# Your instructions:
Pictures stay out of the copy; output exactly the lines from the one containing "Yuka Resort skirt" through the end of the material.

# Data extract:

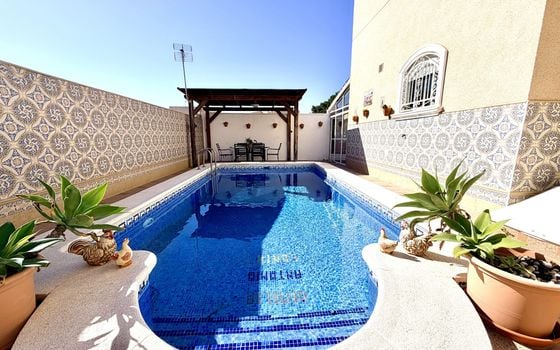 Villa de 5 chambres à Torrevieja - ERV132554 - Photo - 2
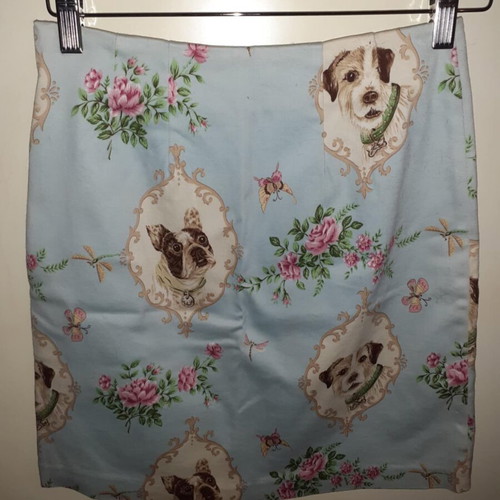 Yuka Resort skirt like new with dog pattern, beige and blue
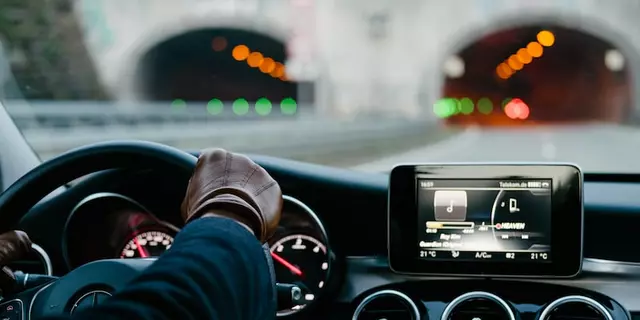 Do car dealerships still offer test drives if it's storming?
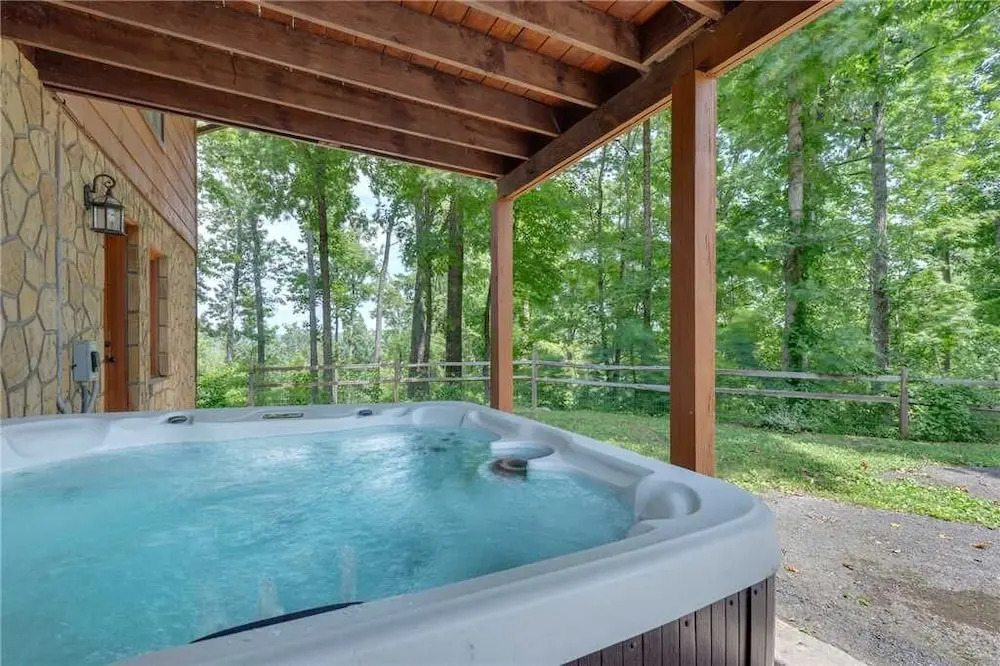 Parkside Lodge 6 Bedroom Home with Hot Tub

# Response:
 Yuka Resort skirt like new with dog pattern, beige and blue
 Do car dealerships still offer test drives if it's storming?
 Parkside Lodge 6 Bedroom Home with Hot Tub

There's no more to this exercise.